Critique: Trick or Treat : Effroi ou plaisir?
Scène

Critique: Trick or Treat : Effroi ou plaisir?

Trick or Treat est une pièce d’une intensité nerveuse comme on en voit rarement au théâtre. Une pièce, urbaine, très américaine, qui peint un monde d’hommes, où se mesurent les mâles, pour voir qui mènera la meute…

On pourrait traduire l’expression «trick or treat», lancée aux portes par les enfants anglophones le soir de l’Halloween, par «malice ou friandises». Ou, plus librement, pour convenir à la pièce de Jean Marc Dalpé, par «effroi ou plaisir»…

Il y a des deux dans cette pièce d’une intensité nerveuse comme on en voit rarement au théâtre. Plaisir de la découverte devant ces personnages de la petite pègre qui se livrent par bribes, d’un tableau à l’autre, jusqu’à leur affrontement. Plaisir aussi devant l’humour râpeux de certaines situations, certains échanges. Plaisir immense, enfin, de voir sur scène un comédien de la trempe de Pierre Curzi, dont un seul geste emplit l’espace, et auquel se mesurent avec talent Jean Marc Dalpé et David Boutin, solides.

Mais malgré le sourire, l’effroi n’est jamais loin. Il surgit de la tension constante, naît devant la solitude ou l’impuissance des personnages qui, sous nos yeux, glissent dans les plus dangereux dérapages. L’effroi nous saisit devant la dureté et la vérité des situations; c’est un univers sans merci que montre Trick or Treat, métaphore d’un monde où la puissance mène toujours.

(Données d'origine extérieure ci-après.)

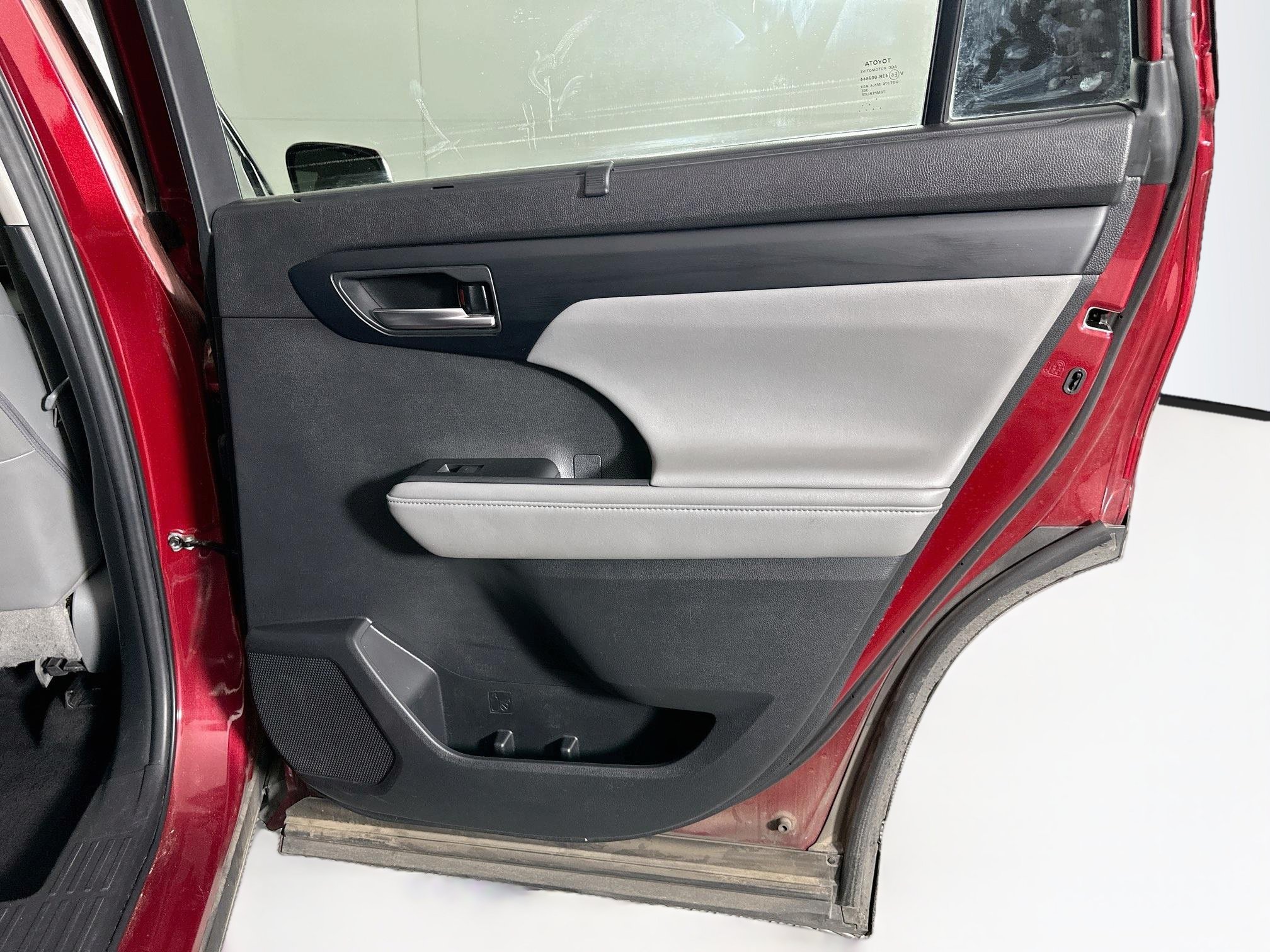 Used 2023 Toyota Highlander XLE FWD image 34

Le plus souvent, plaisir et effroi cohabitent et se mélangent, issus de l’ensemble. La mise en scène de Fernand Rainville et le jeu des comédiens sont rapides, nerveux, créant la «contagion» chez les spectateurs. Certains passages, d’une efficacité redoutable, amènent le public à faire un avec le personnage, dans un instant où chacun retient son souffle. Les intermèdes entrecoupant les tableaux, monologues racontant des rêves, souvent d’inspiration biblique, sont plastiquement très beaux, par l’utilisation de l’éclairage et les projections de texte. Ces moments poétiques contrastent fortement avec l’ensemble, ravivant l’impression que chaque personnage, pourtant si dur dans sa vie diurne, est habité, profondément, d’incertitude.
La pièce, urbaine, très américaine, peint un monde d’hommes, où se mesurent les mâles, pour voir qui mènera la meute. Enfouis dans une carapace nécessaire à leur survie, ils sont constamment rattrapés par une sensibilité d’autant plus bouleversante qu’elle crée un contraste percutant avec l’indifférence, la violence même dont ils sont capables. Car le désespoir de voir la maladie de sa mère n’empêche pas l’insensibilité ou la cruauté la plus insouciante.
La pièce de Jean Marc Dalpé est dominée par ces personnages imprévisibles, à la fois inquiétants et vulnérables.
Dans Trick or Treat, comme un soir d’Halloween, il semble que tout puisse arriver.